Dalai Lama reaches out to family hit by tragedy

By John Miller, Associated Press, Sept 20, 2005

HAILEY, Idaho (USA) -- Willow Jack, a dancer from Idaho's Lemhi Shoshone Indian tribe, lost her husband and 4-year-old daughter in an Aug. 12 car crash on a southern Montana highway.

<< AP Photo/Ted S. Warren -- Willow Jack (right) looked at photographs with her son Nakeezaka, 6 (lower left), as they waited Sept. 12 for an address by the Dalai Lama dedicated to the children of Idaho at Wood River High School stadium in Hailey, Idaho. Both were among a group of Lemhi-Shoshone who were blessed by the Dalai Lama. Willow's husband and Nakeezaka's father, Daryl, along with their daughter Maliah, 4, were killed in a car accident in August.

One month later, the Fort Hall woman was in a resort town south of Sun Valley, where she met the Dalai Lama at a ceremony attended by some 5,000 Idaho children and their families.

Though they practice different faiths, Jack, 24, said meeting the 70-year-old holy man to 20 million Tibetan Buddhists and having him bless her surviving son, Nakeezaka Jack, 6, helped ease her sadness. She was injured in the crash and doctors have said her crushed pelvis will keep her from walking - and dancing - for at least another year.

''I think we ended up in the right place,'' Jack said from her wheelchair. ''He [the Dalai Lama] put his arms around me and hugged me and said, 'Everything is going to be OK from now on.'''

The afternoon event at the Wood River High School football field was a ceremony that crossed the boundaries of religion, emphasizing the human qualities that earned the Dalai Lama the 1989 Nobel Peace Prize for urging a nonviolent resolution to the Chinese occupation of Tibet.

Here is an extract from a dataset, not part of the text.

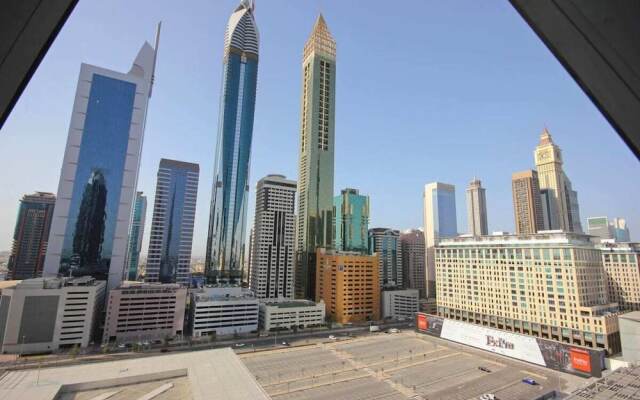 Spacious Apartment in the Classic Park Towers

He was invited to Idaho by financial adviser and Buddhist Kiril Sokoloff, who spent $1 million to organize the event, including an address to U.S. business and finance leaders at Sokoloff's Ketchum home and the Sept. 11 speech to 10,000 people to commemorate the fourth anniversary of the Sept. 11 terrorist attacks.

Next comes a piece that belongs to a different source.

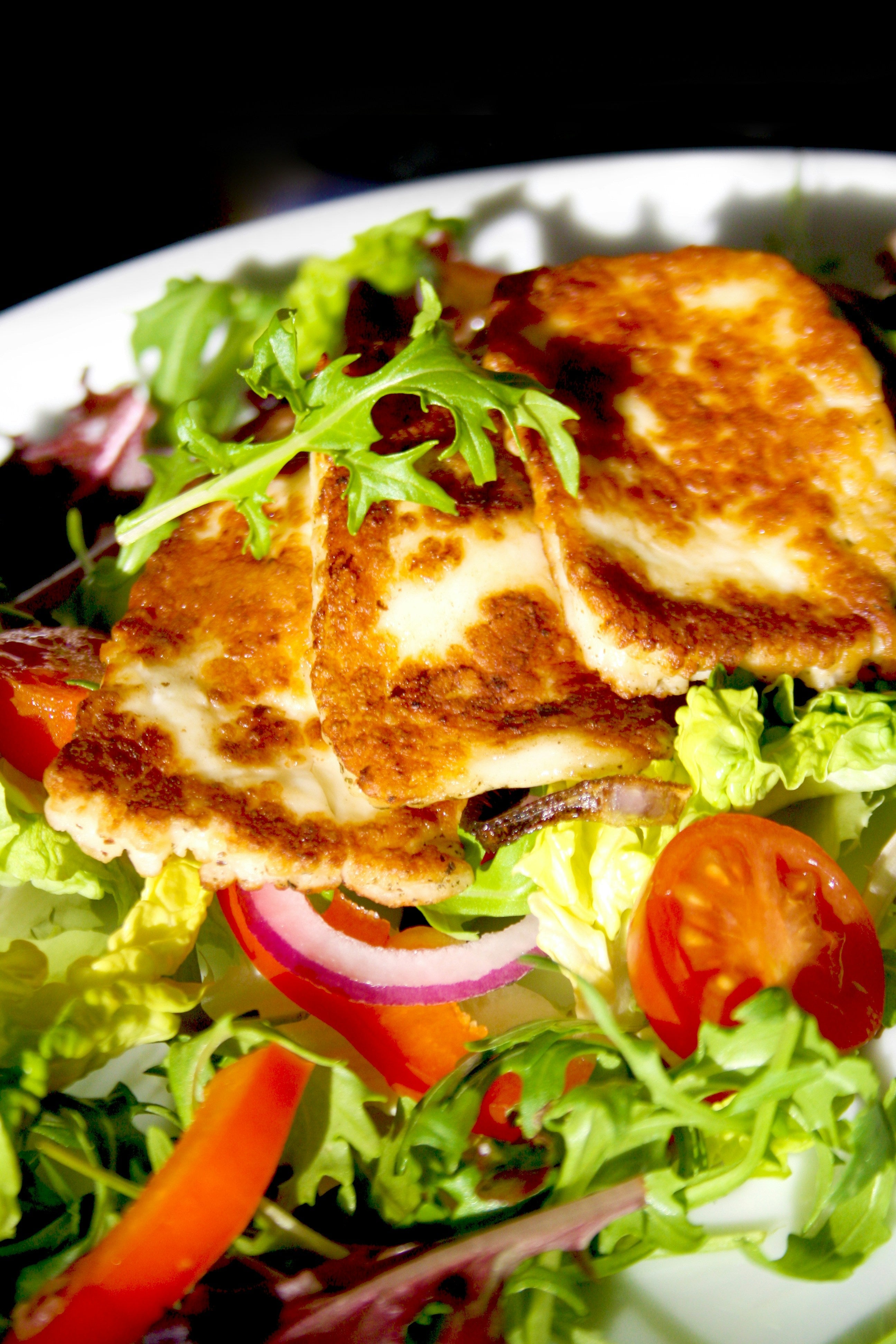 Delicious, crispy halloumi snacks made using the Zoomgoods AF34 dual zone air fryer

On Sept. 12, the Dalai Lama arrived in a light rain, walking slowly beneath a white-and-blue umbrella near a row of children holding colorful banners. Once on stage, he honored 18 Idaho children who'd won essay contests about compassion.

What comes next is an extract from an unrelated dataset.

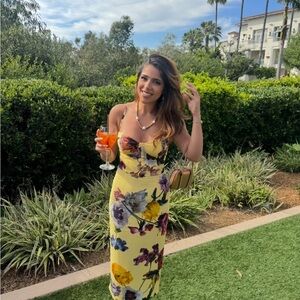 Monique Lhuillier Yellow Sleeveless Sweetheart Midi Dress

''The 20th century has been a century of bloodshed,'' the Dalai Lama told the kids. ''The present century, because of our past experience, should be a century of peace. The new shapers of the planet are you, the young children.''

After it was over and the Dalai Lama had been whisked off to his next private meeting, 12 members of Willow Jack's extended family helped transfer her from her wheelchair to a waiting white minivan for the drive back to Fort Hall.

''Holy men, regardless of where they come from, are respected by Indians because we share the same spiritual depth,'' Jack said.

She said she learned something about caring following the death of her husband and daughter, and before she learned she'd walk again, when residents of Butte, Mont., donated food and visited her in the hospital to help keep her spirits up.

''If there's anything in the world this has taught me, it's that the most powerful thing in the world is compassion,'' she said.